Dynamic Programming: Policy Evaluation

Computing $v^\pi$ exactly from a known MDP model.

What you’ll learn

  • How to evaluate a fixed policy using the Bellman expectation equation
  • The iterative policy evaluation algorithm (Dynamic Programming)
  • Synchronous vs in-place (asynchronous) sweeps and stopping criteria
  • Visualizing value functions on a small GridWorld
  • How DP policy evaluation connects to Monte Carlo and TD learning

In DP, we assume full knowledge of the MDP and use Bellman backups to compute $v^\pi$ exactly (up to numerical tolerance).

Code:

import numpy as np
import matplotlib.pyplot as plt

np.set_printoptions(precision=3, suppress=True)

1. Policy Evaluation via Bellman Expectation

For a fixed policy $ \pi $, the state-value function is

\[v^\pi(s) = \mathbb{E}_\pi \big[ G_t \mid S_t = s \big] = \mathbb{E}_\pi \big[ R_{t+1} + \gamma v^\pi(S_{t+1}) \mid S_t = s \big].\]

Using the MDP model $p(s’, r \mid s,a)$ and a stochastic policy $\pi(a\mid s)$:

\[v^\pi(s) = \sum_a \pi(a \mid s) \sum_{s',r} p(s', r \mid s,a) \big( r + \gamma v^\pi(s') \big).\]

In vector form:

\[v^\pi = r^\pi + \gamma P^\pi v^\pi.\]

Solving exactly:

\[v^\pi = (\mathbf{I} - \gamma P^\pi)^{-1} r^\pi\]

works for small MDPs.
Dynamic Programming (DP) instead applies the Bellman operator repeatedly:

\[v_{k+1} = T^\pi v_k = r^\pi + \gamma P^\pi v_k,\]

which converges to $ v^\pi $ because $T^\pi$ is a $\gamma$-contraction.

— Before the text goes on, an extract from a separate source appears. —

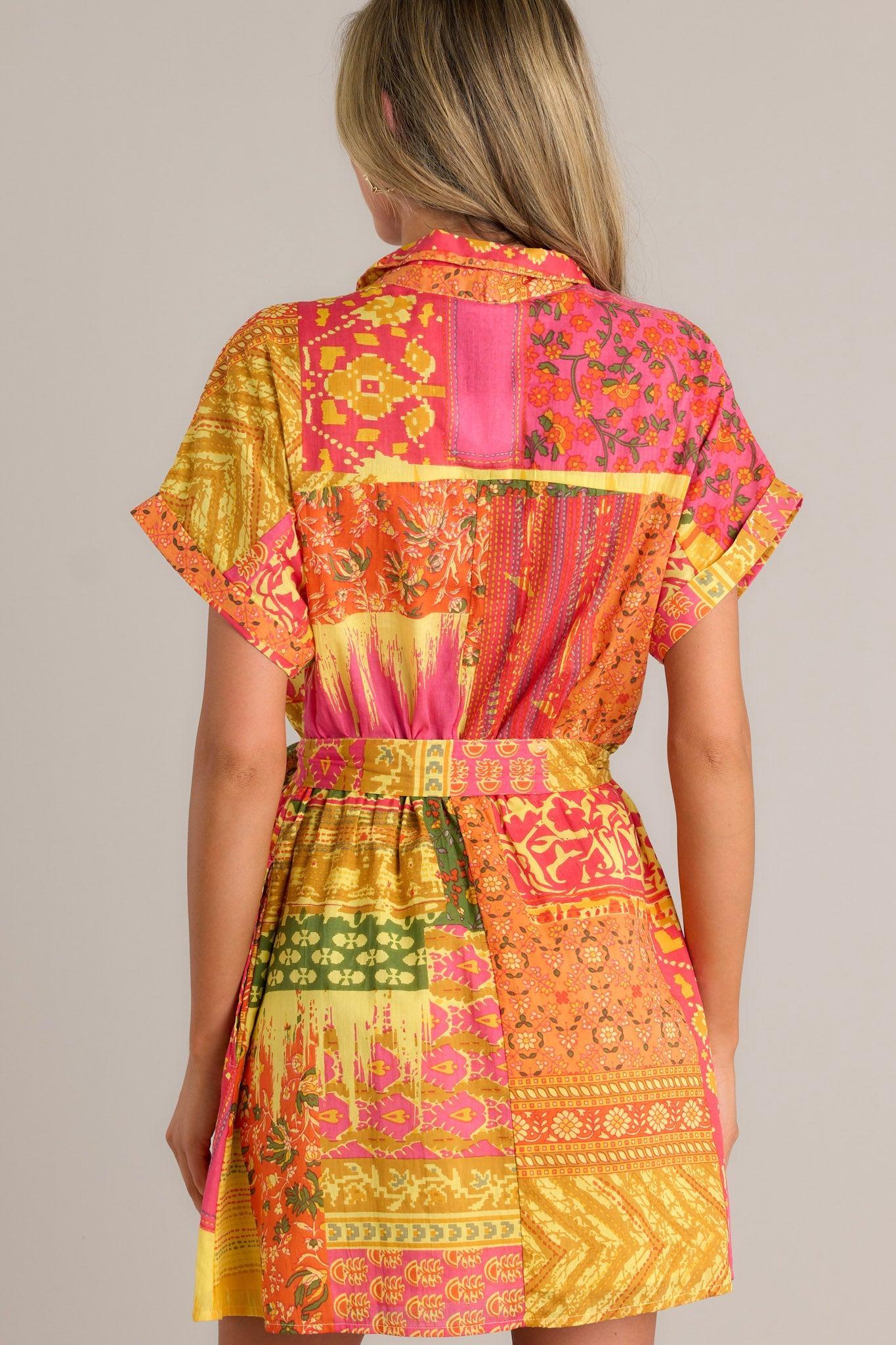 Sunset Paintings 100% Cotton Orange Multi Mini Dress Product Image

We’ll implement this for a small GridWorld.

Code:

# 4x4 GridWorld like in Sutton & Barto
# States: 0..15 laid out row-major
# 0 and 15 are terminal

GRID_H, GRID_W = 4, 4
num_states = GRID_H * GRID_W
ACTIONS = ["U", "D", "L", "R"]
num_actions = len(ACTIONS)

def to_rc(s):
    return divmod(s, GRID_W)

def to_s(r, c):
    return r * GRID_W + c

def step_gridworld(s, a):
    """Deterministic transition for the 4x4 GridWorld."""
    if s == 0 or s == num_states - 1:
        # Terminal stays terminal with 0 reward
        return s, 0.0, True

    r, c = to_rc(s)
    if a == 0:   # Up
        r2, c2 = max(r - 1, 0), c
    elif a == 1: # Down
        r2, c2 = min(r + 1, GRID_H - 1), c
    elif a == 2: # Left
        r2, c2 = r, max(c - 1, 0)
    elif a == 3: # Right
        r2, c2 = r, min(c + 1, GRID_W - 1)
    else:
        raise ValueError("invalid action index")

    s2 = to_s(r2, c2)

    # Reward: -1 per step until terminal, 0 at terminal
    done = (s2 == 0 or s2 == num_states - 1)
    rwd = 0.0 if done else -1.0

    return s2, rwd, done

# Build full transition model: P[s, a] → list of (p, s', r, done)
P_env = {}
for s in range(num_states):
    for a in range(num_actions):
        s2, r, done = step_gridworld(s, a)
        P_env[(s, a)] = [(1.0, s2, r, done)]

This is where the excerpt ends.